Thursday, 7 January 2010

Do You Know What Lawyers Do?


(Thanks to rutty)

When I lived in the East End of London, I acted as a kind of bush lawyer for my neighbours. All sorts of problems came up: how to keep disability benefits going; how to get a new license for a pub; how to deal with a stolen credit card; and what to do when a decree nisi hadn't been converted into a decree absolute with the result no benefits could be claimed.

All of these people avoided going to lawyers. Lawyers were expensive, remote, and alien. I wasn't.

So when the Legal Services Board published research recently with the headline:

68% of Consumers Have "Little or No Knowledge" of What Lawyers Do

I wasn't surprised. (Hat tip to Charon QC.)

According to the LSB's research more than 60% of respondents had used legal services, and 53% of them within the past 5 years. Did they shop around for the right lawyer? No. Only 14% did that. The purchase of legal services appears to be crisis buying rather than pleasure-based purchasing.

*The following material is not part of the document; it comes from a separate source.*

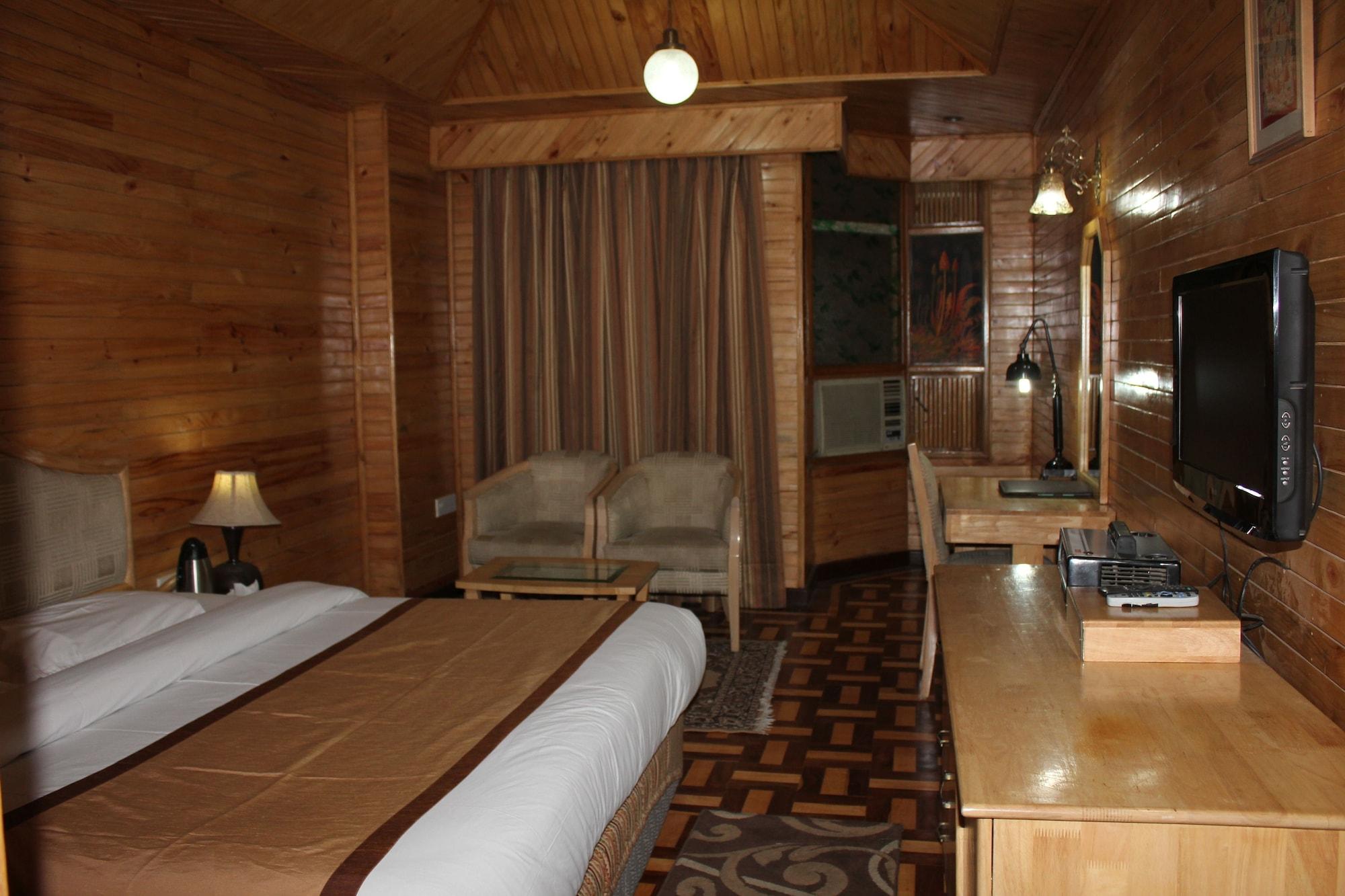 Bravia Hotel Manali Inn מראה חיצוני תמונה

Of course, the above applies mainly to individual consumers rather than business users. Having said that I should modify this statement because small and medium enterprises (SMEs) do have difficulty in finding appropriate and cheap legal services. This is why groups such as the Federation of Small Businesses run legal advice schemes for their members.

The basic problem with most research in this area is that our definitions of legal needs are fuzzy and imperfect. Early studies by the American Bar Foundation showed that the public only obtained legal services for a small proportion of their legal needs. Indeed, a widely-quoted paperon the life histories of disputes, for example, showed that the most common form of dispute resolution is "lumping it".

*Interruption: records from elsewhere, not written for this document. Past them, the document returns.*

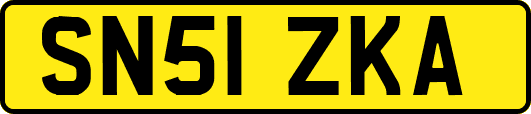SN51ZKA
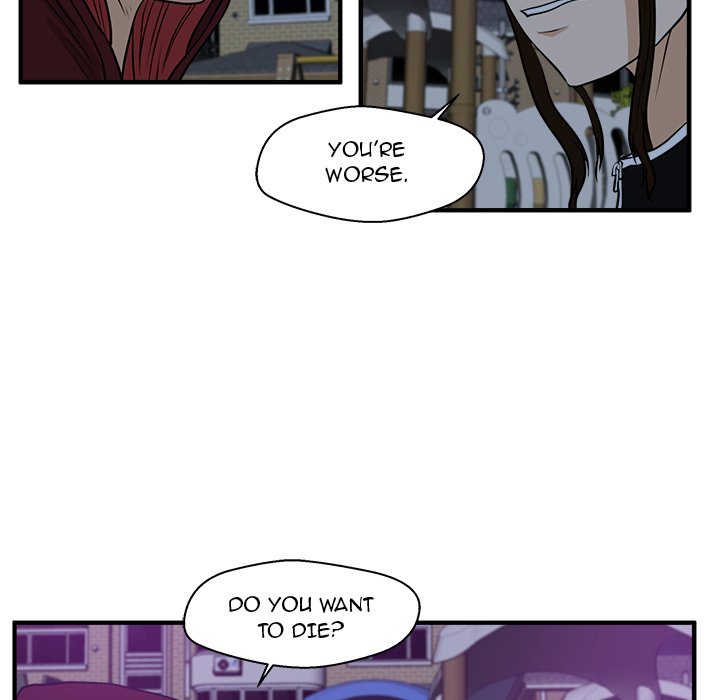 Read Mr. Kang chapter 90 image 12 on Lezhin
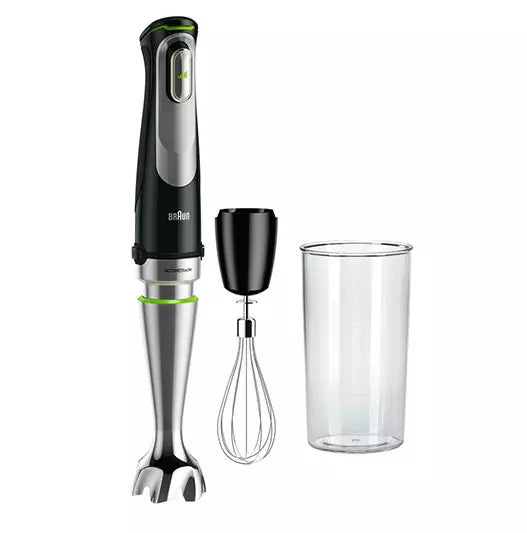 Braun accesorio vaso picador batidora Multiquick AX22110047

Bert Kritzer looked at the studies on legal needs in a 2008 paper, Examining the Real Demand for Legal Services. He identified the main problem as a lack of clear baseline data. We need to survey the entire population. There are indications in the extant research (in the US) that cost is not the determinative factor in the use of legal services, but rather lack of knowledge.

Lack of knowledge comes in two forms. First, there is the lack of understanding that a problem might have a legal aspect, eg. stopping of welfare benefits. Second, there is a lack of knowing that a lawyer might be able to help in this situation.

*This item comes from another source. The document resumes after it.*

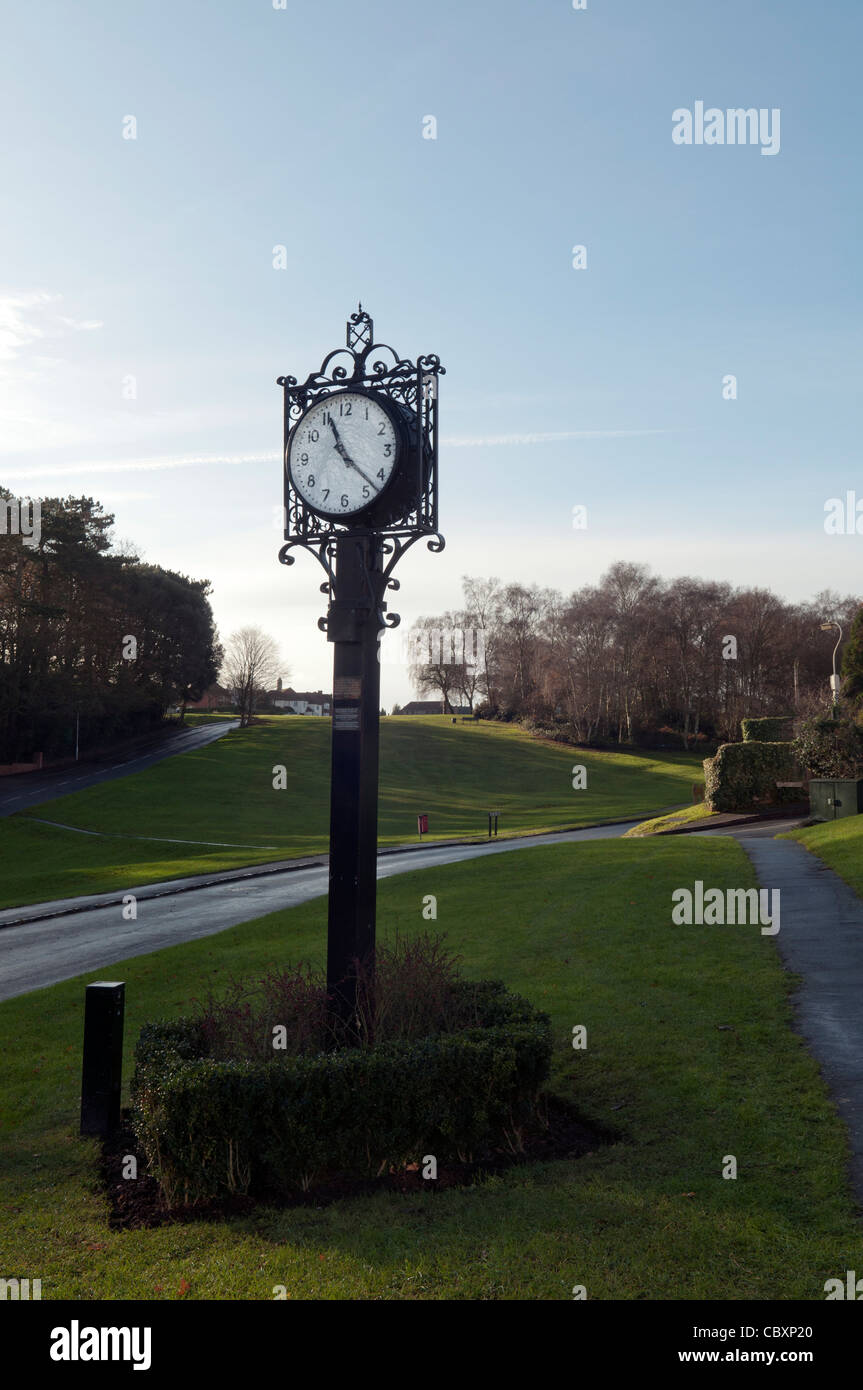 Chalfont common hires stock photography and images Alamy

It is these types of knowledge deficits that open opportunities for ambulance chasers, debt consolidators, and claims handling companies who are eager to prise money out of clients than solving their problems.

Lawyers are to blame if consumers don't understand what they do. Despite changes in legal procedure the abandonment of legal Latin (in the UK), the major growth is in the use of ombudsmen and other informal resolution procedures. Institutions that don't require the intercession of lawyers.

And this is where Tesco Law will make its impact. With simplicity, ease of use, friendly representatives, transparent costings, extended opening hours, ready communication, and a firm quality control.

At the moment most lawyers haven't a clue how to respond to that and that is assuming they are aware there is a problem.